Rationale

Concept

Pocyr is an innovative application designed to transliterate text into different alphabets. It serves multiple purposes, including entertainment, scientific research, and cost-saving. Cost-saving? Yes, indeed! Our research indicates that using an optimal alphabet can significantly reduce the average number of letters in words.

Currently, the application supports the Polish language and is available for Android devices. Future updates will include additional language and alphabet pairs.

Justification

It’s well-known that written forms of natural languages are not always optimized. A simple proof is that an archived text file often weighs less than its uncompressed version. However, language encoding has a unique aspect that sets it apart from standard compression algorithms: human readability. Simply replacing sound patterns with new symbols can lead to an increase in the number of symbols, rendering the text unreadable.

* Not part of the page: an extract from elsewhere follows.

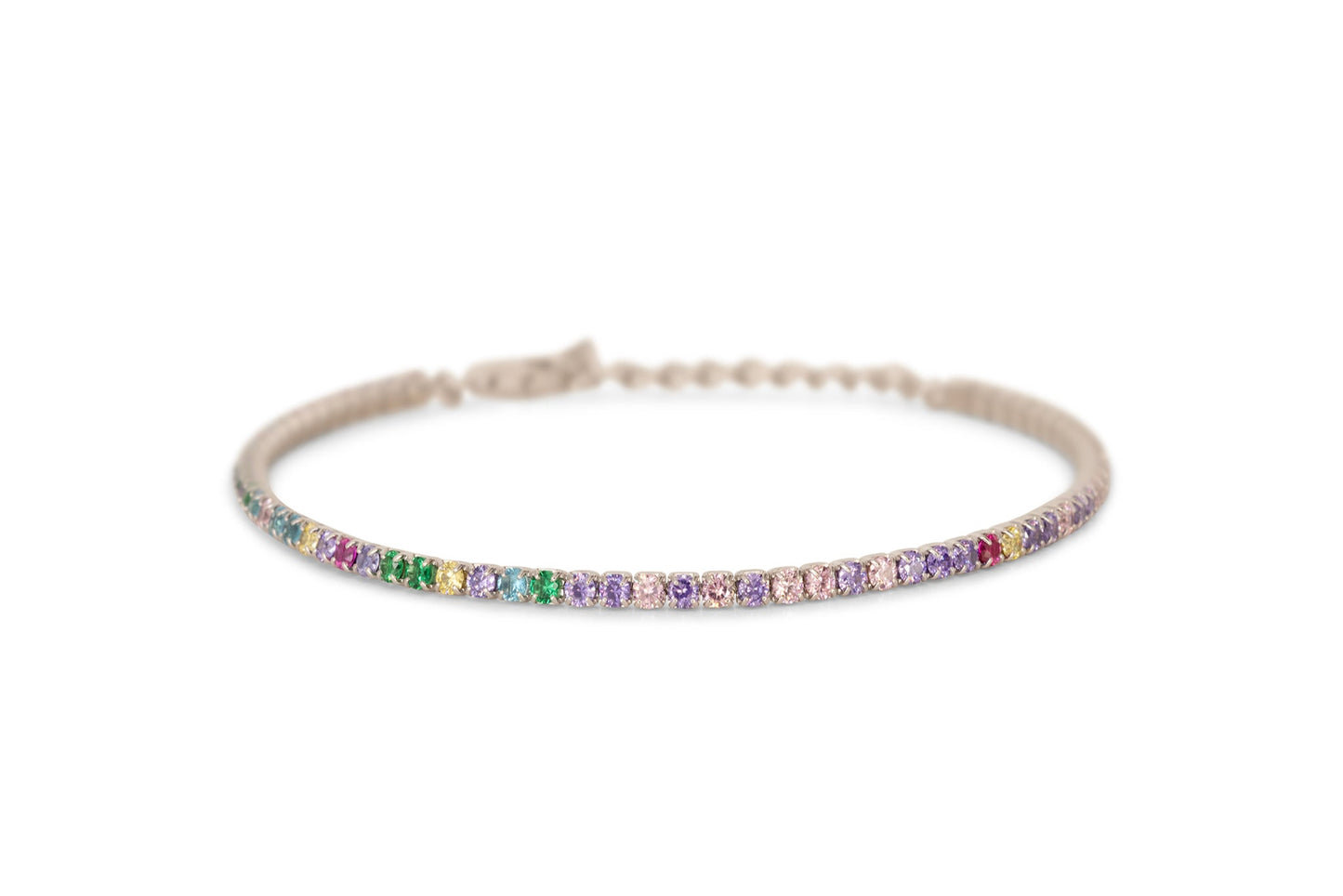 Bracciale Dilvdò Tennis 2mm Silver Multicolor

The most logical approach is to assign one symbol for each sound, at least for the frequently used ones. Surprisingly, this straightforward idea does not apply to most languages, albeit to varying degrees. Polish, for example, has a particularly challenging situation where one sound can be represented by up to three symbols, such as czsz. This issue arises because the Latin alphabet is not well-suited for representing the sounds of Slavic languages. In contrast, the Czech language uses additional letters like š and č to address this issue. Our alternative solution is to use the Cyrillic alphabet for writing the Polish language.

Research

For our research, we utilized various resources and chose one of the most famous Polish books, “The Witcher,” for demonstration.

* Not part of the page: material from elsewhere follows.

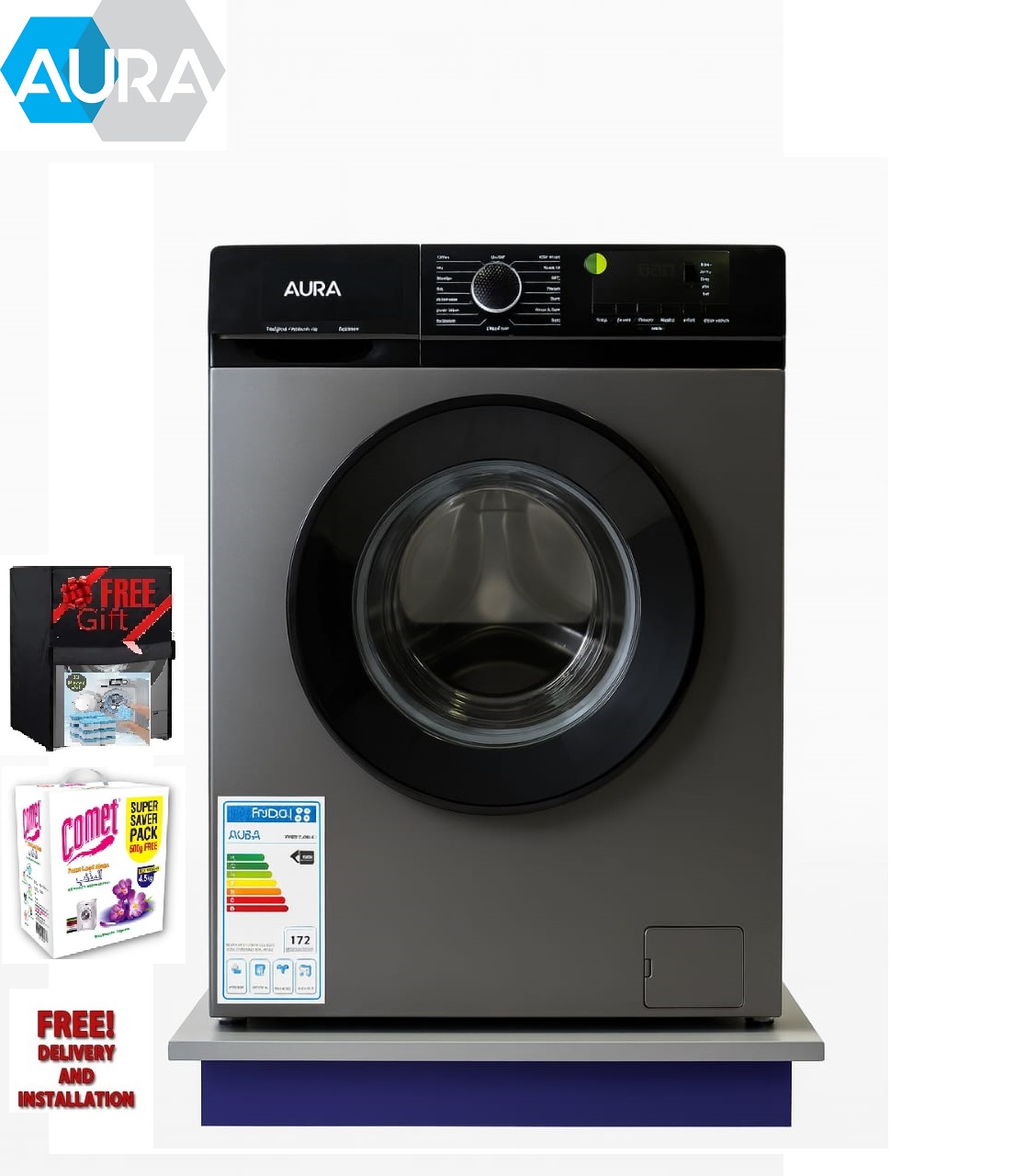 8 KG FRONT LOAD WASHING MACHINE AURA AU8FWM01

The book contains a total of 609,763 characters, with 497,388 being words and the rest being punctuation marks, spaces, and numbers. After transliterating the text into Cyrillic, the total number of characters decreased to 576,524, with 464,149 in words. This reduction decreased the average word length from 5.426 to 5.130 characters.

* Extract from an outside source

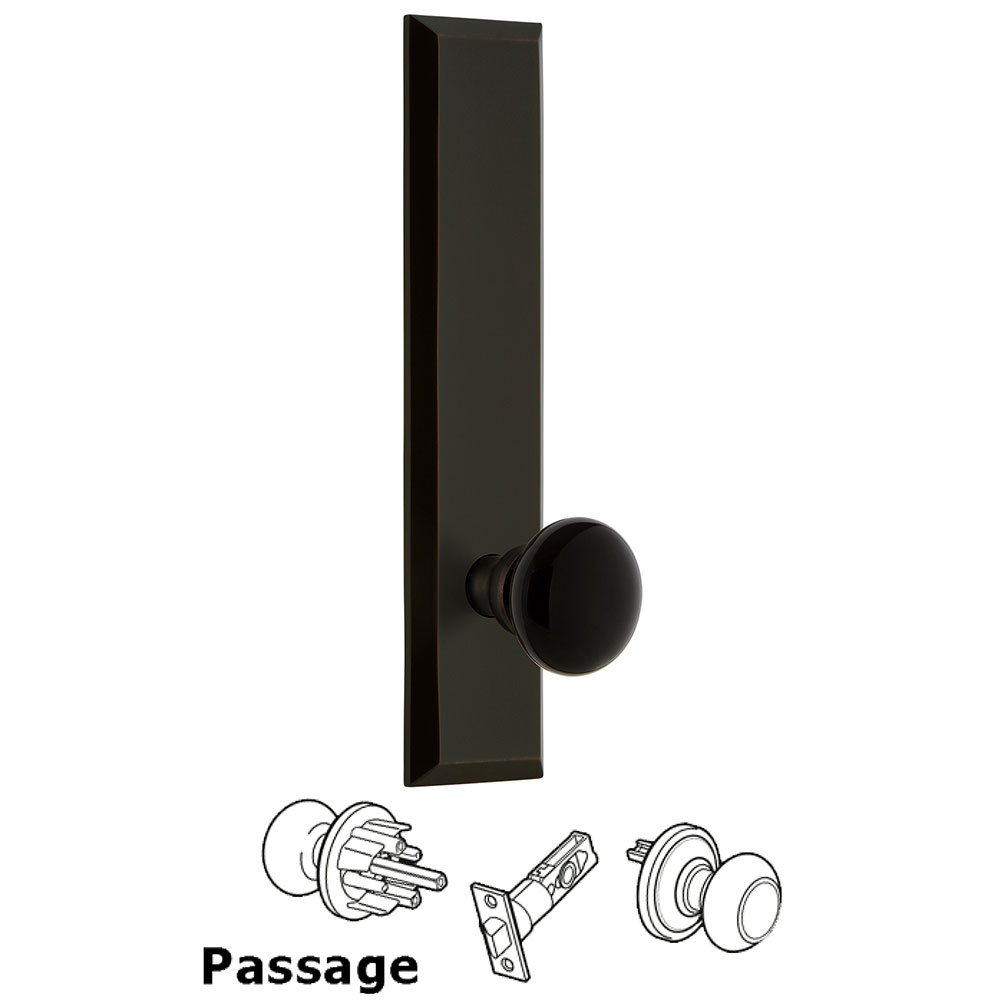 Grandeur Passage Fifth Avenue Tall with Black Coventry Porcelain Knob in Timeless Bronze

The most significant indicator for us is the 5.5% reduction in the total number of symbols. Although the exact number of printed books is unknown, a conservative estimate based on the sales of the related video game in Poland exceeds one million copies. If these books were printed in their transliterated form, the same million copies would fit on the amount of paper equivalent to 945 thousand non-transliterated books. This would save 55,000 books, equivalent to 12,925,000 book pages or 6,462,000 physical pages.

By rounding the approximate values, we estimate that this change could save around 80 trees. This is just for one book by one author. A complete switch to transliterated printing could potentially save thousands of trees each year.